In recent years, technological advances have resulted in the rapid development of
a new exciting research direction – the interdisciplinary use of sensors for data
collection, systems analysis, and monitoring. Application areas include military
surveillance, environmental screening, computational neuroscience, seismic detection,
transportation, along with many other important fields.
Broadly speaking, a sensor is a device that responds to a physical stimulus (e.g.,
heat, light, sound, pressure, magnetism, or motion) and collects and measures data
regarding some property of a phenomenon, object, or material. Typical types of
sensors include cameras, scanners, radiometers, radio frequency receivers, radars,
sonars, thermal devices, etc.
The amount of data collected by sensors is enormous; moreover, this data is
heterogeneous by nature. The fundamental problems of utilizing the collected data
for efficient system operation and decision making encompass multiple research
areas, including applied mathematics, optimization, and signal/image processing, to
name a few. Therefore, the task of crucial importance is not only developing the
knowledge in each particular research field, but also bringing together the expertise
from many diverse areas in order to unify the process of collecting, processing,
and analyzing sensor data. This process includes theoretical, algorithmic, and
application-related aspects, all of which constitute essential steps in advancing the
interdisciplinary knowledge in this area.

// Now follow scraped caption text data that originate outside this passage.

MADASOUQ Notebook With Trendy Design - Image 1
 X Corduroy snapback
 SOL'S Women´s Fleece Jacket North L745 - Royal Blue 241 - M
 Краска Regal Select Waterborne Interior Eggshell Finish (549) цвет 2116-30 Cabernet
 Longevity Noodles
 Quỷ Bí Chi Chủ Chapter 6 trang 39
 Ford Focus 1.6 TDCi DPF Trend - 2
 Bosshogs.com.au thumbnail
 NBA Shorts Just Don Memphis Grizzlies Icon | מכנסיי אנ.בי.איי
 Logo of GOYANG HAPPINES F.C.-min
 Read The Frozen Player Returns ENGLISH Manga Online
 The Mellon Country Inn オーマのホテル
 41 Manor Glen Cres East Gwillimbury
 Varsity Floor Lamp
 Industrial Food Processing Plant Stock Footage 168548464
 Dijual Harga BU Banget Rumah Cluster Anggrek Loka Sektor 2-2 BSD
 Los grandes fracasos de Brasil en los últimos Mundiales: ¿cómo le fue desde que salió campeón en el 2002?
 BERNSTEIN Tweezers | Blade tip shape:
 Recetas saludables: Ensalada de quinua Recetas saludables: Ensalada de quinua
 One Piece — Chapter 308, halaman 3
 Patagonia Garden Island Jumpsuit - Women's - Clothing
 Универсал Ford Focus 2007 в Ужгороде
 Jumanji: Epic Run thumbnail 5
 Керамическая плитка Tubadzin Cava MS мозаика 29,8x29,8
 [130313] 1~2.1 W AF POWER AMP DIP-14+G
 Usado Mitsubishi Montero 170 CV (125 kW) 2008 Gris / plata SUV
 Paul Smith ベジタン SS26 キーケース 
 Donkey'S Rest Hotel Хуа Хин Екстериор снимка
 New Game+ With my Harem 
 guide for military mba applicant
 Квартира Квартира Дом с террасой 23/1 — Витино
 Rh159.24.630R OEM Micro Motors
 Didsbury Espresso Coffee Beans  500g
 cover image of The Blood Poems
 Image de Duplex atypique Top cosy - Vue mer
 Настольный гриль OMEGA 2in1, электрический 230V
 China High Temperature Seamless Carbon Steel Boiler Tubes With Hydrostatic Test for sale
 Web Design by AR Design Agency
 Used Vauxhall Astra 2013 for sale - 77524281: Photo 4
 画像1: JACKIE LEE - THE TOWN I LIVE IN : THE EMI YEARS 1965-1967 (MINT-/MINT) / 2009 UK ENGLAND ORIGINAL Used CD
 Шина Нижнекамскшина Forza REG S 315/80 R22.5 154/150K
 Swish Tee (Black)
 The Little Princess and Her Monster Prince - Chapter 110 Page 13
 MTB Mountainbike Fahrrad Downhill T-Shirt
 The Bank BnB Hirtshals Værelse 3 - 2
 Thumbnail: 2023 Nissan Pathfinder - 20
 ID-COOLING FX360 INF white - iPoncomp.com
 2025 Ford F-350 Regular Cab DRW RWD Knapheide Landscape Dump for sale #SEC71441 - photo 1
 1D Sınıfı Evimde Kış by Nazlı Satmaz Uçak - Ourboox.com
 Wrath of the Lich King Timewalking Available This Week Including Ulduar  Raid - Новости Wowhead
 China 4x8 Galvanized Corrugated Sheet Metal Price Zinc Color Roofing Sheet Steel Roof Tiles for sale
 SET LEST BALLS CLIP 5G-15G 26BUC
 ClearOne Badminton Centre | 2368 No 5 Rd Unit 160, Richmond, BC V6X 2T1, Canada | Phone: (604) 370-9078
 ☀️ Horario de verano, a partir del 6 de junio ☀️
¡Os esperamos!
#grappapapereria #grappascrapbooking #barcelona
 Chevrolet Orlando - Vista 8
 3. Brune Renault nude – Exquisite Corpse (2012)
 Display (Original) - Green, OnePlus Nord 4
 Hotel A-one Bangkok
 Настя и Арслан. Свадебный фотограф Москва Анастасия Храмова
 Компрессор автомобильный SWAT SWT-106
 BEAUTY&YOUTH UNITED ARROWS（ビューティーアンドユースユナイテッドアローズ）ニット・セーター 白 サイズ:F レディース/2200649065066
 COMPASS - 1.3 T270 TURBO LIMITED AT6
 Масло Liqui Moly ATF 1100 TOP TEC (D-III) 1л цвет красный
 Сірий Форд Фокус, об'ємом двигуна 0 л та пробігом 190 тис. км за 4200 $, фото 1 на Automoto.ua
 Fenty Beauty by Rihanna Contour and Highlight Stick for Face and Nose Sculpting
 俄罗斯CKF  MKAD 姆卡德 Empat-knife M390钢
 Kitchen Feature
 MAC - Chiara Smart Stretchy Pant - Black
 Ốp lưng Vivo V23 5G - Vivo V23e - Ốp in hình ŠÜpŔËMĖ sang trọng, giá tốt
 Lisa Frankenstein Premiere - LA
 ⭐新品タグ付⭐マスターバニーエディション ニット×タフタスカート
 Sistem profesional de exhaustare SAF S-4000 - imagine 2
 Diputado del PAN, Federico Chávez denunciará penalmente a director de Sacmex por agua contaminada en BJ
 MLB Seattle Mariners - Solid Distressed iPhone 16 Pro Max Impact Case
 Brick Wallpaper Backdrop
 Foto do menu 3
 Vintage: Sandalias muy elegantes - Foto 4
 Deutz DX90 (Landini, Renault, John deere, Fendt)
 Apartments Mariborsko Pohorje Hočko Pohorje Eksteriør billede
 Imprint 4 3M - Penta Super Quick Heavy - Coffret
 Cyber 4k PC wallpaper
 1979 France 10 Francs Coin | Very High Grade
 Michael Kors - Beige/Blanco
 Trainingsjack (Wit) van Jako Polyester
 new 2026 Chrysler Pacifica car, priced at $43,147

Besides individual sensors, interconnected systems of sensors, referred to as
sensor networks, are receiving increased attention nowadays. The importance of
rigorous studies of sensor networks stems from the fact that these systems of
multiple sensors not only acquire individual (possibly complimentary) pieces
of information, but also effectively exchange the obtained information. Sensor
networks may operate in static (the locations of individual sensor nodes are fixed)
or dynamic (sensor nodes may be mobile) settings.